『昭和天皇実録』の恣意と配慮。

1週間前、その3日前に行方不明になった2歳になったばかりの男の子が、赤い捩じり鉢巻きの尾畠春夫さんに助け出された時、日本中がワーって沸いた。私も興奮した。
この現代の宮沢賢治とも言える赤い捩じり鉢巻きの尾畠春夫さんに国民栄誉賞を贈ってくれ、と記した。たとえ番外編でも、と。
昨日、甲子園での高校野球の決勝で秋田の農業高校・金足農高が、大阪桐蔭に敗れ準優勝となった。昨日、今日、日本中が沸いている。秋田、秋田、金足農業、金足農業、と。感動した、感動した、と。私も野球のエリート校である大阪桐蔭と秋田の農業高校では、秋田の農業高校に肩入れしていた。

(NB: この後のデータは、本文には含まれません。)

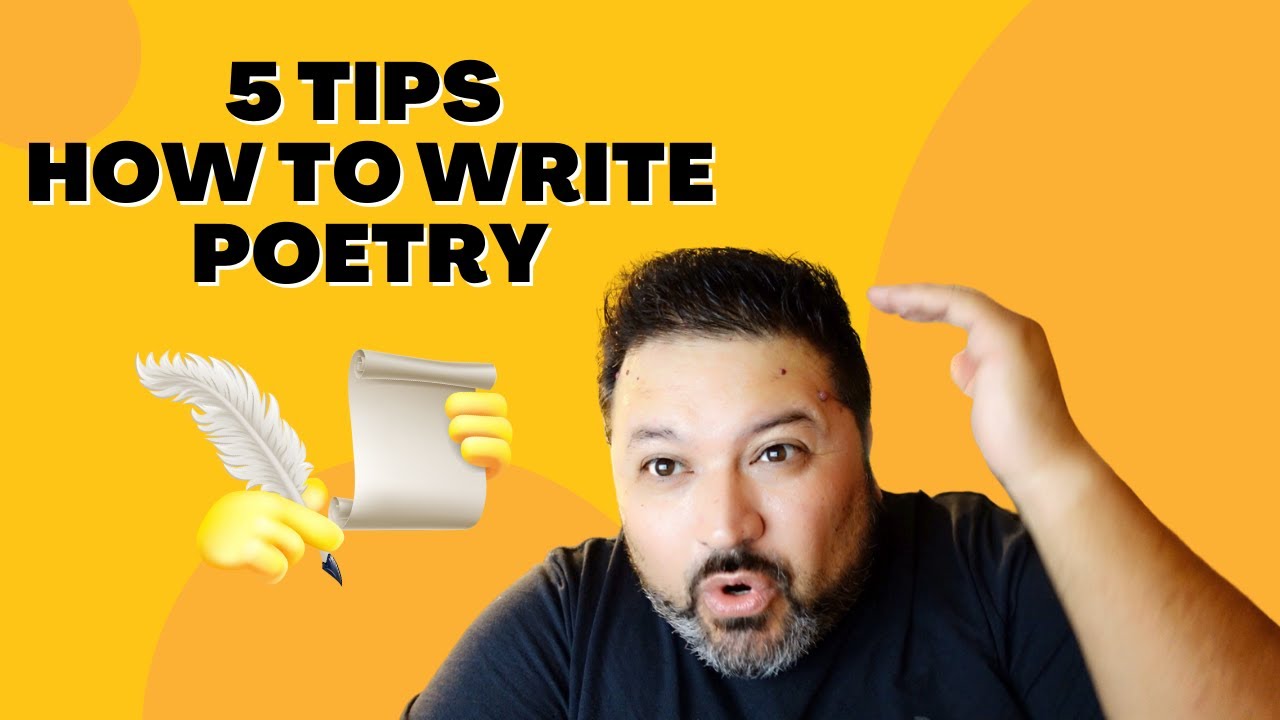 5 TIPS FOR WRITING POETRY YouTube 5-tips-for-writing-poetry-youtube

しかし、予選から甲子園での全試合、すべて「9人野球」を貫いたとか、決勝戦の途中まですべて一人のピッチャーに投げさせて、決勝戦後のインタビューでも、「できれば吉田に最後まで投げさせてやりたかった」という監督の言葉に異を唱える人が誰ひとりいないことに違和感を覚えた。

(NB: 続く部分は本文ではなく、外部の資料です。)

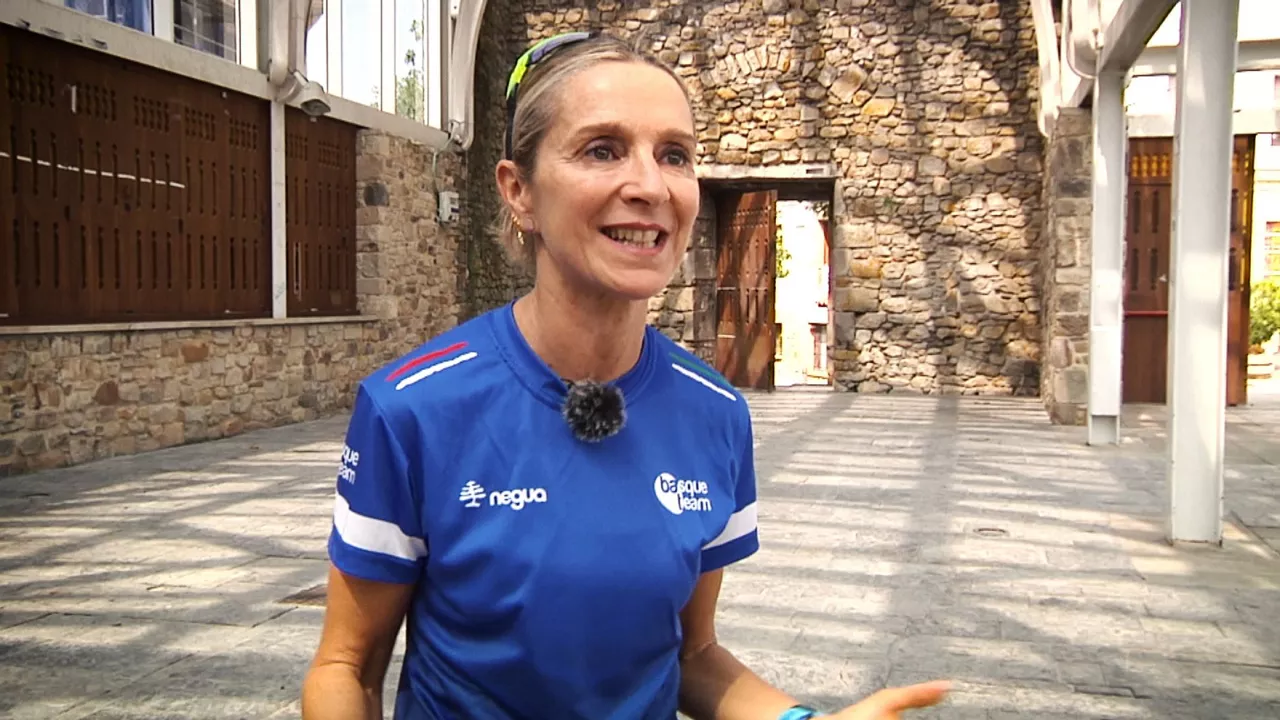 Raquel Mateo, paratriatleta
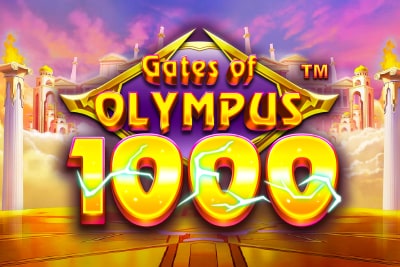 Gates Of Olympus 1000 Slot Logo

日本全国、感動した、感動したの声ばかりであることに。
「9人野球を貫いた」ということが、それほど凄いことなのか。私には「そうかなー」、という思いがある。
金足農高の野球部にも50数人の部員がいる。甲子園のベンチにも18人の部員が入っているはずである。補欠の9人を含め。

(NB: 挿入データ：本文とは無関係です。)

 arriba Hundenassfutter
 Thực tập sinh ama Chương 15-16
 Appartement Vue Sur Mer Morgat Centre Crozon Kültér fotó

伝令その他、補欠の部員の役回りはある。しかし、本心は一度でいいからピンチヒッターででも使ってほしい、と思っていたであろう。選手として甲子園の地に立ちたい、という思いが。
ゲームは大阪桐蔭のワンサイドゲームであったんだ。野球のエリート校である大阪桐蔭にワンサイドで敗れるのは仕方ない。しかし、彼我の実力差が明らかとなりワンサイドとなった後も先発9人のみで補欠の選手を使わなかった、つまり出してやらなかった金足農高の監督の采配、私には疑問。人間性が感じられない、何が「9人野球」だと。どうして補欠の選手を出してやらないんだ、と。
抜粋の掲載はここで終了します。